The car has a $\frac{1}{3}$ chance to be behind any door. This means that the probability the host opens door 2 is $\frac{1}{3} . \frac{1}{2} + \frac{1}{3} . 0 + \frac{1}{3} . 1 = \frac{1}{2}$
Now what is $P(C_3 \cap H_2)$? As mentioned, if the car is behind door 3 then the host is guaranteed to open door 2, so this is the same as the odds that the car is behind door 3. $P(C_3 \cap H_2) = P(C_3) = \frac{1}{3}$
Plugging this in, we get that our conditional probability $P(C_3|H_2) = \frac{2}{3}$. We have a 66.67% chance to win by switching instead of sticking to our initial guess!
This is a surprising result to many - in fact, thousands of readers sent very angry letters when the solution was published. The reasoning is sound though.
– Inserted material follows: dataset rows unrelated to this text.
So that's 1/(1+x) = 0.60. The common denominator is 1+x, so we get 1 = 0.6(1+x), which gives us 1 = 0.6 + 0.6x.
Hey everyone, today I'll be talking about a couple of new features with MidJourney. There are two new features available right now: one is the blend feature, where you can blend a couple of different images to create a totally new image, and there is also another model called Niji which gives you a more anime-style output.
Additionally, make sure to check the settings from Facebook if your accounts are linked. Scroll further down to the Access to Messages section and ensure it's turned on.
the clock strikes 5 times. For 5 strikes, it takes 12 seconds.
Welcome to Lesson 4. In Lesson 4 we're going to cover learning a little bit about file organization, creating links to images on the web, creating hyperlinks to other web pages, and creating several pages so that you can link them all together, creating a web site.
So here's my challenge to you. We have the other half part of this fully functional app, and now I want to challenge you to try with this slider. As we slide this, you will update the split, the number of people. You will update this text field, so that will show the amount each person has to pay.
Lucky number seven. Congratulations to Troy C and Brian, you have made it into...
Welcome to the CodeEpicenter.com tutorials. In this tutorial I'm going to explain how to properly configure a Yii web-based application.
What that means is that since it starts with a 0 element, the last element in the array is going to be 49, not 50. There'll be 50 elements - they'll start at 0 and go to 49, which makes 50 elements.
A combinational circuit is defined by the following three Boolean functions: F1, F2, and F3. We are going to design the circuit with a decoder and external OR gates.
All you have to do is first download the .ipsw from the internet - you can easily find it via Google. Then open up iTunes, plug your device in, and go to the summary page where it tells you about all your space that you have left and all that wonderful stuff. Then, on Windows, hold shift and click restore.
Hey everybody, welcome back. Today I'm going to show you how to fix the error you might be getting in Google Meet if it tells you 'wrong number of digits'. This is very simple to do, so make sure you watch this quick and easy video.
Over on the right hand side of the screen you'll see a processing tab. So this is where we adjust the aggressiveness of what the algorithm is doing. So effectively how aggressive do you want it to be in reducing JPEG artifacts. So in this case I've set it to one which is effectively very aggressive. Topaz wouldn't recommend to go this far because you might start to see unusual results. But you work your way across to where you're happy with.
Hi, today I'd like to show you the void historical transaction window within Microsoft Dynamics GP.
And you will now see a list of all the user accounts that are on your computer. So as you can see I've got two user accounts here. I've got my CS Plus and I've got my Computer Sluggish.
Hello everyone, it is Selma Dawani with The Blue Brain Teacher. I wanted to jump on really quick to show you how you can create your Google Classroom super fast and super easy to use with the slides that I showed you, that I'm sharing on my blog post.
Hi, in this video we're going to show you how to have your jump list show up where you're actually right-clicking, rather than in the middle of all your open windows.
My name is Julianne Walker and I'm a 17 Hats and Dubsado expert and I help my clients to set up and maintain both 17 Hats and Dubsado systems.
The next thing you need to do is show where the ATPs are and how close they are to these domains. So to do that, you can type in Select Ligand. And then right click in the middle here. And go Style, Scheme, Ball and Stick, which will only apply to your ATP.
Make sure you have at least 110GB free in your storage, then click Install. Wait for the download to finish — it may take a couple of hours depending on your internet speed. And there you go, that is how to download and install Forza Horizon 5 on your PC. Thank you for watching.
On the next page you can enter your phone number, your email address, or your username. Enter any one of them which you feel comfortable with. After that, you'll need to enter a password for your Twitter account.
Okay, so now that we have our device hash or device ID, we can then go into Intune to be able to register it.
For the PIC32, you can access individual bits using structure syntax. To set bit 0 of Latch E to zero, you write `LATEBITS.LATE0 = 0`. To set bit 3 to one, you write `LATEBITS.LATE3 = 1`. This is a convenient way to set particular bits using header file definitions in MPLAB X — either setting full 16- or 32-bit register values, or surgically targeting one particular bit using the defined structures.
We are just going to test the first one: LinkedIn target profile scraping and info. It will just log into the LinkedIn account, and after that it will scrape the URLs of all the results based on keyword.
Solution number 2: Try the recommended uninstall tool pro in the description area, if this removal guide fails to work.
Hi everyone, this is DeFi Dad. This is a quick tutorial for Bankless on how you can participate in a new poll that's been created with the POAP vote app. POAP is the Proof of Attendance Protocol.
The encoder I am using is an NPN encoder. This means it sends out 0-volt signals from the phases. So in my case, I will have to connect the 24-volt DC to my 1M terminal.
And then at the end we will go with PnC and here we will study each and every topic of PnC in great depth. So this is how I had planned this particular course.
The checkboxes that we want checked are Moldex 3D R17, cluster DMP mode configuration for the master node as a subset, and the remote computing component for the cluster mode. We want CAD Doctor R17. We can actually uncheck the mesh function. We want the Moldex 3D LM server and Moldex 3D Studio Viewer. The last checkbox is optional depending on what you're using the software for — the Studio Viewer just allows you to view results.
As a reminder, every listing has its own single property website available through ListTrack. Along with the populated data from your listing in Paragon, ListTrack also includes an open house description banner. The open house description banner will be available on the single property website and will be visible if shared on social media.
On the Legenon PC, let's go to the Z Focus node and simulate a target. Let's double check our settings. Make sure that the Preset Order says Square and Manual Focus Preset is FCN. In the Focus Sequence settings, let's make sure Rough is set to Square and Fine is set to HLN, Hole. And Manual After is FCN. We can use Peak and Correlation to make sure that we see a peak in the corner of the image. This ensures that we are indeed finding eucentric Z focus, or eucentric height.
In general, conditional probabilities push us to be very accurate about the situations we are in and question some of our biases about what events are indeed connected or not.
Running trials
As an aside - as developers, you can always easily confirm your computations and intuitions for probability in code. The linked python script defines two functions:
- The first function simulates the scenario where we always stick to our first choice. This function returns true or false if our guess turned out correct.
- The second function simulates the scenario where we always switch our choice after the host opens a door. It also returns true or false if the guess turned out correct.
We run both those functions 500 times, and track how often each returns True. The results confirm what we computed earlier: The odds of winning when sticking to our choice are about 33%, whereas the odds of winning when changing doors are 66%.
Two things to note before we wrap up this week:
-
As unlikely as it is, it is possible for our first strategy to guess correctly for all 500 attempts. Our code would then report a 100% success rate. Never run trials like this only once, or on small samples.
-
As you grow more confident with Python, you will be able to simulate increasingly more complex situations. However, it is your understanding of the underlying statistics that will allow you to write the correct code to make it happen. There is no silver bullet here! it's up to you to bring your knowledge into the code.